Based on our Maximum Likelihood Estimation analysis:

In [None]:
print("="*60)
print("BATTERY REPLACEMENT DECISION ANALYSIS - SUMMARY")
print("="*60)
print(f"Data: {len(battery_data)} battery failure times")
print(f"Model: Exponential distribution")
print(f"Estimated failure rate ($\lambda$): {lambda_mle:.4f} failures/month")
print(f"Estimated mean battery life: {1/lambda_mle:.2f} months")
print(f"95% CI for mean life: [{1/lambda_ci_upper:.2f}, {1/lambda_ci_lower:.2f}] months")
print()
print("BUSINESS RECOMMENDATION:")
print(f"For {num_devices} devices over {time_horizon} months:")

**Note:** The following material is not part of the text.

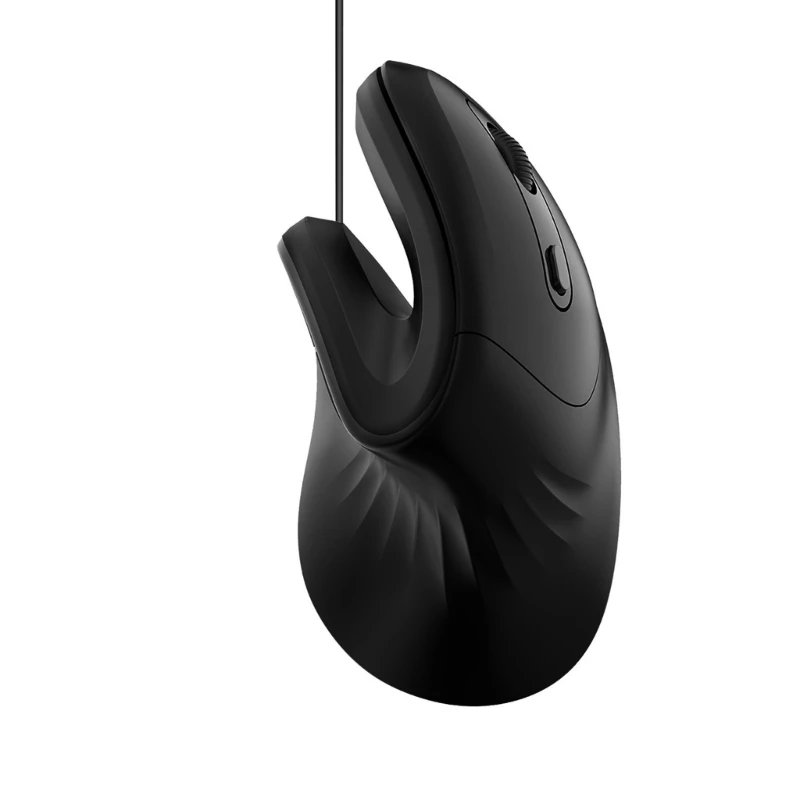 Ergonomic Vertical Gaming Mouse for Right-Handed Users - Open-Smart Optical USB Accessory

# Final recommendation based on best estimate
prob_fail_best = 1 - np.exp(-lambda_mle * time_horizon)
total_failures_best = num_devices * prob_fail_best
cost_a_best = total_failures_best * cost_individual
bulk_sets_best = np.ceil(total_failures_best / num_devices)
cost_b_best = bulk_sets_best * num_devices * cost_bulk

if cost_b_best < cost_a_best:
    print(f"✓ Choose OPTION B (Bulk Purchase)")
    print(f"  Expected cost: ${cost_b_best:.2f}")
    print(f"  Savings: ${cost_a_best - cost_b_best:.2f}")
else:
    print(f"✓ Choose OPTION A (Buy as Needed)")
    print(f"  Expected cost: ${cost_a_best:.2f}")
    print(f"  Savings: ${cost_b_best - cost_a_best:.2f}")

print()
print("KEY INSIGHTS:")
print("• Exponential distribution provides good fit for failure time data")
print("• MLE gives us principled parameter estimation")
print("• Bootstrap provides uncertainty quantification")
print("• Decision is robust across reasonable parameter uncertainty")
print("="*60)

## Next Steps

In practice, you might want to:
1. Collect more data to reduce uncertainty
2. Consider other distributions (Weibull, Gamma) for comparison
3. Account for bulk purchase storage costs
4. Model seasonal variations in failure rates
5. Incorporate supplier reliability and lead times

This analysis demonstrates how statistical modeling and MLE can inform real business decisions with quantified uncertainty.